Launch Complex 18 (LC-18) is a launch complex at the Cape Canaveral Space Force Station, Florida that was active during the late 1950s and early 1960s. It was used by Viking, Vanguard, Thor and Scout rockets. The complex consists of two launch pads, LC-18A, which was originally built by the US Navy for the Vanguard rocket, and LC-18B, which was originally by the US Air Force used for tests of the PGM-17 Thor missile. 

The first launch from LC-18 was a Viking rocket from LC-18A on 8 December 1956, on a test flight for Project Vanguard. A further Viking launch was conducted in May 1957, and the Vanguard made its maiden flight from the complex in September. Following this, the United States first satellite launch attempt was made from LC-18A, using Vanguard TV3, on 6 December 1957. The launch failed after the rocket lost thrust and exploded on the launch pad. All twelve Vanguard launches were conducted from LC-18A, with the complex being transferred to NASA after it took over responsibility for Vanguard following its formation in 1958. After the Vanguard's retirement in 1959, LC-18A was transferred to the US Air Force for use by Scout rockets.

LC-18B was used for 17 tests of Thor missiles between 4 June 1958 and 29 February 1960. Following this, it was also converted for use by Scout rockets.

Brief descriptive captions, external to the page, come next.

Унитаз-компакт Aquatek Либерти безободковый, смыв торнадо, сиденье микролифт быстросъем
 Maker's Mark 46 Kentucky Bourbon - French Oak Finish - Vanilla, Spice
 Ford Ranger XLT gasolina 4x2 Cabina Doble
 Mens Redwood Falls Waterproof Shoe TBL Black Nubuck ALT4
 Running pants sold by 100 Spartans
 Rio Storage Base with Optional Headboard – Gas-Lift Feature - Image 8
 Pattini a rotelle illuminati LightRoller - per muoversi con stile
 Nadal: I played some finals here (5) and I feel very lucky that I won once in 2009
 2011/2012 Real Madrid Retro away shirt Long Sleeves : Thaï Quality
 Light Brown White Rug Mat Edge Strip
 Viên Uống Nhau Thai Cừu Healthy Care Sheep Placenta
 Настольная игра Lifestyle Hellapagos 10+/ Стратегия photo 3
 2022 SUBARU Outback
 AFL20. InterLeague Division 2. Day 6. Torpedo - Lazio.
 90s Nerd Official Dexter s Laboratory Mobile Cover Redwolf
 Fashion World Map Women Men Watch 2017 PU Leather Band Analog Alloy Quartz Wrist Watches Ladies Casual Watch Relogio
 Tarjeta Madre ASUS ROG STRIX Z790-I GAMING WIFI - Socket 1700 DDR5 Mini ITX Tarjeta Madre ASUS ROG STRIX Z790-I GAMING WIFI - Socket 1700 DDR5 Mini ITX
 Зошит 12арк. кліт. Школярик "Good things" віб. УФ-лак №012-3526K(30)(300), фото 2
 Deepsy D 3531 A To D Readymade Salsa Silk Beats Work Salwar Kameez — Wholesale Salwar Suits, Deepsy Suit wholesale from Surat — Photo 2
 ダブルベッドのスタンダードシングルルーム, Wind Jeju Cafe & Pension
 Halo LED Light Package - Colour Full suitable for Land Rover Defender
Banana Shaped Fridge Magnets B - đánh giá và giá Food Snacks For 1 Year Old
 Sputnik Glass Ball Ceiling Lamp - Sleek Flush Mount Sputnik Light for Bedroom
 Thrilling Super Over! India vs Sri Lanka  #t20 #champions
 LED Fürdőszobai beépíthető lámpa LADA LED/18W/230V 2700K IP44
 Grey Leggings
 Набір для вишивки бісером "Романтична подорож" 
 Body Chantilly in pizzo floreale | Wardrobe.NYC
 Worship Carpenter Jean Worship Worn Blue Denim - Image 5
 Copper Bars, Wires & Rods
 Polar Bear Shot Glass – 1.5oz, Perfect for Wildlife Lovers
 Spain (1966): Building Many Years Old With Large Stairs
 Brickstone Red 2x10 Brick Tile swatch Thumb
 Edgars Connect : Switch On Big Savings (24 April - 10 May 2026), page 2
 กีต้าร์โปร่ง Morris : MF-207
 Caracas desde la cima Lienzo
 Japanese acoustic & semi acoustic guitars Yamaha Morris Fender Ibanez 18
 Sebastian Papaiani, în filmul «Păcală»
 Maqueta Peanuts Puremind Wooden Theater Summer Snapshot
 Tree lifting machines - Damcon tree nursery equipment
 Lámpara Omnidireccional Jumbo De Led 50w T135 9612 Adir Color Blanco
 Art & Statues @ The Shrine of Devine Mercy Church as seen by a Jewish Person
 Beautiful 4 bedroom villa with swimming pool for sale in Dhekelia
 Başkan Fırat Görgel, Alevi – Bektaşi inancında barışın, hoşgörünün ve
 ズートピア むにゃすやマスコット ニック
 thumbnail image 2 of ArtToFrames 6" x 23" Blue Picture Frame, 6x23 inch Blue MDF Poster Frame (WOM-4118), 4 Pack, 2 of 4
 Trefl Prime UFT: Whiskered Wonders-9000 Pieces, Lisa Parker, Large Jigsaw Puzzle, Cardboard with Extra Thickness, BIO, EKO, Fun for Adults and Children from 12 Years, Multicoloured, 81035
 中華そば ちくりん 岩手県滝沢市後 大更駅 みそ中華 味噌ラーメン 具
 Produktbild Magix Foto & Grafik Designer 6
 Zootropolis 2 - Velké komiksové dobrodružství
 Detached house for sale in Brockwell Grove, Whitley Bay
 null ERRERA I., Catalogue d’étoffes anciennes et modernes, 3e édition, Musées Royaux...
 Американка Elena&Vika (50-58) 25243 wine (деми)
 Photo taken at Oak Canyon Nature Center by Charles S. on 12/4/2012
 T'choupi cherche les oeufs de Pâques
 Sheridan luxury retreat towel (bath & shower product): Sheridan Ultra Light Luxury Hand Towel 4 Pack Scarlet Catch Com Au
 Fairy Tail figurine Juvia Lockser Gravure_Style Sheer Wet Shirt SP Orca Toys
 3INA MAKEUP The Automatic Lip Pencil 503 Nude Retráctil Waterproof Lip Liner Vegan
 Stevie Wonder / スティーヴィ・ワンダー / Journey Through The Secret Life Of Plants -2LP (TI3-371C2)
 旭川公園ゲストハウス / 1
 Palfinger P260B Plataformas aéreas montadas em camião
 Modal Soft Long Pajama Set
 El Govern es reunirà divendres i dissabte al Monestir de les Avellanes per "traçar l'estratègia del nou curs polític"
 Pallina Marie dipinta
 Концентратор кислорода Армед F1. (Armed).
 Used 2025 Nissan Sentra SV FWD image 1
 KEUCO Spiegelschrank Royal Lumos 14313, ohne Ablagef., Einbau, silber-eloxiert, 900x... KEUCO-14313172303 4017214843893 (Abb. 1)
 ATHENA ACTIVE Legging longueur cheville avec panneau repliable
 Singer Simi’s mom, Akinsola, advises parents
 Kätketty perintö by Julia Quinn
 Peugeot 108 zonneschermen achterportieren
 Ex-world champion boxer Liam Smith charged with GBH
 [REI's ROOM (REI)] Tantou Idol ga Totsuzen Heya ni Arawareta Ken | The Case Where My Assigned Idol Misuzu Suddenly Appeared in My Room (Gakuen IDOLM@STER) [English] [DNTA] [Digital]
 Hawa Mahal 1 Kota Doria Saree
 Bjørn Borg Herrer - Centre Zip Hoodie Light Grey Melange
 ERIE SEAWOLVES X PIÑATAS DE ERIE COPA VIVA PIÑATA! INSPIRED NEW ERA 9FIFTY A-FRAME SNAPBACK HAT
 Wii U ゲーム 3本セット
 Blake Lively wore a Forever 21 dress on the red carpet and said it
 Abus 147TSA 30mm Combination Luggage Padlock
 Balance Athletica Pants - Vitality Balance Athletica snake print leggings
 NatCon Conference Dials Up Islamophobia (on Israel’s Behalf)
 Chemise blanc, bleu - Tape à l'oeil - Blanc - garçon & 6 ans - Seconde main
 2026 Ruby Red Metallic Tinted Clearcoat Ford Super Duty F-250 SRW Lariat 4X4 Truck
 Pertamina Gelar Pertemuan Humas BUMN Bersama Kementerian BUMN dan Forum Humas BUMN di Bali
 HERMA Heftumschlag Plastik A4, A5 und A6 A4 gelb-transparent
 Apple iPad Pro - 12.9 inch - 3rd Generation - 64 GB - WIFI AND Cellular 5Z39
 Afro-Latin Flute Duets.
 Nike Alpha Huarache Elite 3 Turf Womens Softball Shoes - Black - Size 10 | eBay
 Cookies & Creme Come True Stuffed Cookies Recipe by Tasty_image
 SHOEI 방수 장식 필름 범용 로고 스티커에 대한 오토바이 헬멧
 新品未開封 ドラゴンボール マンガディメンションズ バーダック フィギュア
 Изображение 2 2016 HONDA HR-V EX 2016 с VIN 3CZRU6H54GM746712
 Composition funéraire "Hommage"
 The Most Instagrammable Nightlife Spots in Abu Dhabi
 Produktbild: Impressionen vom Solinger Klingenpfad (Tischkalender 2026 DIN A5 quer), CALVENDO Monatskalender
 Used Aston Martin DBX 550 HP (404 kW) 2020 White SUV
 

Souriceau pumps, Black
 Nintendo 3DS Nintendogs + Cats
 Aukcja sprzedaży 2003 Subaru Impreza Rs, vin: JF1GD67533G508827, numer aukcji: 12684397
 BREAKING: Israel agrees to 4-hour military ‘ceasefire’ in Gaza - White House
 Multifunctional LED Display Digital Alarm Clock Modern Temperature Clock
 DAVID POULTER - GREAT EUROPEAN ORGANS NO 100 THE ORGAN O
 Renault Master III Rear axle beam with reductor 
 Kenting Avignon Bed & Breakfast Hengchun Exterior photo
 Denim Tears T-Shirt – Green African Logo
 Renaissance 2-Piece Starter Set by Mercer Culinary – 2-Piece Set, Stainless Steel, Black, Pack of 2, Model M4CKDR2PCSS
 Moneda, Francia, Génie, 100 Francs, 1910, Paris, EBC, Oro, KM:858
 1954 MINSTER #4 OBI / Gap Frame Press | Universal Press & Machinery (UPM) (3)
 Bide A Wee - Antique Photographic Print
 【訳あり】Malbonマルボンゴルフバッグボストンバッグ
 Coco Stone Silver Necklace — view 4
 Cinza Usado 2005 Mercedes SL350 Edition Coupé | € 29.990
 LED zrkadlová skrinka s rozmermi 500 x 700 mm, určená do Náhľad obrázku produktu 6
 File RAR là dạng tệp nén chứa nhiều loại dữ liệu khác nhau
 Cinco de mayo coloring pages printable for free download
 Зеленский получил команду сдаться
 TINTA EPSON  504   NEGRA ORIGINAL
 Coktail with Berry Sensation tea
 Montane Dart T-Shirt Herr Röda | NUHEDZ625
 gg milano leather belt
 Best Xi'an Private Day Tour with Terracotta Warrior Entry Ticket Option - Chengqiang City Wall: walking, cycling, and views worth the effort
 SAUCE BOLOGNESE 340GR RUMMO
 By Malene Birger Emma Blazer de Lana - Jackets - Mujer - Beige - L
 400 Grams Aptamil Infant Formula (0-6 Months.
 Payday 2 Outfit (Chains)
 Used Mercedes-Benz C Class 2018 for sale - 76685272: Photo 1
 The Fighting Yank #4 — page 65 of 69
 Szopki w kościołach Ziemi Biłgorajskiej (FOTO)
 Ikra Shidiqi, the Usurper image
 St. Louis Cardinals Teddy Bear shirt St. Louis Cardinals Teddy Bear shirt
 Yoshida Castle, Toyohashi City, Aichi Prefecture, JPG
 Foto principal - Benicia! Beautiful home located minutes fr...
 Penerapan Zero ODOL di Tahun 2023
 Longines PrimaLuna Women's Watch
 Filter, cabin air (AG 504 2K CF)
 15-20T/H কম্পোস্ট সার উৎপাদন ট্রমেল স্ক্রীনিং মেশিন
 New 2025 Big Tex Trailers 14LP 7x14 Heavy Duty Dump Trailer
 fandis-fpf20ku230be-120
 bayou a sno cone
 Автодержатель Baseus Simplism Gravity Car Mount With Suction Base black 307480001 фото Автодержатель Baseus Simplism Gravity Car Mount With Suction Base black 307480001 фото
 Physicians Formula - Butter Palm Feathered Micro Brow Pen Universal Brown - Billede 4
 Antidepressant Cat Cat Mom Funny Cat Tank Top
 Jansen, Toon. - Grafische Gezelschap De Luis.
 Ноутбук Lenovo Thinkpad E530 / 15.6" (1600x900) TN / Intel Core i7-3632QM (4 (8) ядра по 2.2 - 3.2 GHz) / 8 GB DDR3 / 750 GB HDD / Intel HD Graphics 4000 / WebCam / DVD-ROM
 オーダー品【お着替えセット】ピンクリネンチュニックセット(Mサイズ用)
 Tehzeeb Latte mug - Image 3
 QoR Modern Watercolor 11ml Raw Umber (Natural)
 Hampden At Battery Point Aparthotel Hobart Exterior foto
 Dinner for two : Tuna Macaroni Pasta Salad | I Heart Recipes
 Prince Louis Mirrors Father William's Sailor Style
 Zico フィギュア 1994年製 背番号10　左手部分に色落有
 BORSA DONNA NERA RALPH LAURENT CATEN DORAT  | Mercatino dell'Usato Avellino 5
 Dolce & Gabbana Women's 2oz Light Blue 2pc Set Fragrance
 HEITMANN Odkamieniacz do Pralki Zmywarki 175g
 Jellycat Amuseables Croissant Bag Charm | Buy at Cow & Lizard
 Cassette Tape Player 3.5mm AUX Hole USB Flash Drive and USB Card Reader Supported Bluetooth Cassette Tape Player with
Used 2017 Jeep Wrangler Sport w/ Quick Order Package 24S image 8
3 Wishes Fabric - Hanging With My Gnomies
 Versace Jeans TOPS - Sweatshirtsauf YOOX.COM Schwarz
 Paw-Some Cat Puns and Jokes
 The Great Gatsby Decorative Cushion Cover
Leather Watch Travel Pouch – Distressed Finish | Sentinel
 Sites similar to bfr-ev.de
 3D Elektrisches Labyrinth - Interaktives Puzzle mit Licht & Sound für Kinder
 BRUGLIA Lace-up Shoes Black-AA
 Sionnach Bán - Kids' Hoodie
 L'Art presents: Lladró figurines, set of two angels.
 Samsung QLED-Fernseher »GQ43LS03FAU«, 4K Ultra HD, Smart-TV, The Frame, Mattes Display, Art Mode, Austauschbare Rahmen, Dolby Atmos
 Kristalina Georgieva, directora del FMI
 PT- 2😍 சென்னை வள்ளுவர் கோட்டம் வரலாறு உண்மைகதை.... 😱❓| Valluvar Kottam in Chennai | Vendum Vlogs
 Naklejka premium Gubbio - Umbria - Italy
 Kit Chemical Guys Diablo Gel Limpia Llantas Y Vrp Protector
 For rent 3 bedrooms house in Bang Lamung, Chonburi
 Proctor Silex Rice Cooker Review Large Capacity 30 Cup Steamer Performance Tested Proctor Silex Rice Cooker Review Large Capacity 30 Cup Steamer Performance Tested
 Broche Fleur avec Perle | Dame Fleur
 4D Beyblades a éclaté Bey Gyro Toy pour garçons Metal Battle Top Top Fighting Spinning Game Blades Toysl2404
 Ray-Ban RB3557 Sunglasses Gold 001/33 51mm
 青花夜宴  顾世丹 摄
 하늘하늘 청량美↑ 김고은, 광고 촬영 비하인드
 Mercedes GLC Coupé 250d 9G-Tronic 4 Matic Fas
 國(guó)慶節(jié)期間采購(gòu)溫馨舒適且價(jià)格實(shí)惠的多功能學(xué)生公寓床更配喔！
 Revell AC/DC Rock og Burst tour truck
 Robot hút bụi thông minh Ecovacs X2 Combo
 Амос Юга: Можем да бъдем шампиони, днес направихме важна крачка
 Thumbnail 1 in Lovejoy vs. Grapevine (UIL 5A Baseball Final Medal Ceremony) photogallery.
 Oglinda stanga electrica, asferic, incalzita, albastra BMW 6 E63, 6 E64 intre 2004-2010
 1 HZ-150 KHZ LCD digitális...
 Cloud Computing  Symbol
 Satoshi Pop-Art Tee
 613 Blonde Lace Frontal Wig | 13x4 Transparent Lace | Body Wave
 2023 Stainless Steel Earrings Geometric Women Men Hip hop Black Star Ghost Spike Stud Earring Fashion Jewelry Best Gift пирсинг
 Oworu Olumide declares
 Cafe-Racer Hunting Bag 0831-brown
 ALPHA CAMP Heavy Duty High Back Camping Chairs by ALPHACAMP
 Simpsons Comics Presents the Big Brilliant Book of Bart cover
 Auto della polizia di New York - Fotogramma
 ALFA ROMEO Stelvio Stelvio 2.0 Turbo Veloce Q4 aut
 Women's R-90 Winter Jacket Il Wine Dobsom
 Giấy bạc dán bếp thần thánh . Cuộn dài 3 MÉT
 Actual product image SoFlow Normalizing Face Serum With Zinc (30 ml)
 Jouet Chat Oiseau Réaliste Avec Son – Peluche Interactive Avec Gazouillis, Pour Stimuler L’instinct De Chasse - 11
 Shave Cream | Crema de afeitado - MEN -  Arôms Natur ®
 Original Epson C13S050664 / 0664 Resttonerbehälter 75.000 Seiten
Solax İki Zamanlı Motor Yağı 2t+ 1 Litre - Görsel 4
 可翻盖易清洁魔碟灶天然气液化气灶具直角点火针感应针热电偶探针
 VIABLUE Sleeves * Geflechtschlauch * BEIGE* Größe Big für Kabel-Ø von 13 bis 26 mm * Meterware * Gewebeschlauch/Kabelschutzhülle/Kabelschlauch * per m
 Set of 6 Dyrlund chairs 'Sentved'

Sixteen Scouts were launched from LC-18; ten from LC-18A and six from LC-18B. Fifteen of the launches were suborbital sounding flights, and one was an orbital launch with the Mercury-Scout 1 satellite for NASA. This failed to reach orbit and was destroyed by range safety 43 seconds after launch. The launches from LC-18A used the Blue Scout Junior configuration, and were conducted between 21 September 1960 and 9 June 1965. The launches from LC-18B consisted of three Blue Scout I rockets and three Blue Scout IIs, launched between 7 January 1961 and 12 April 1967.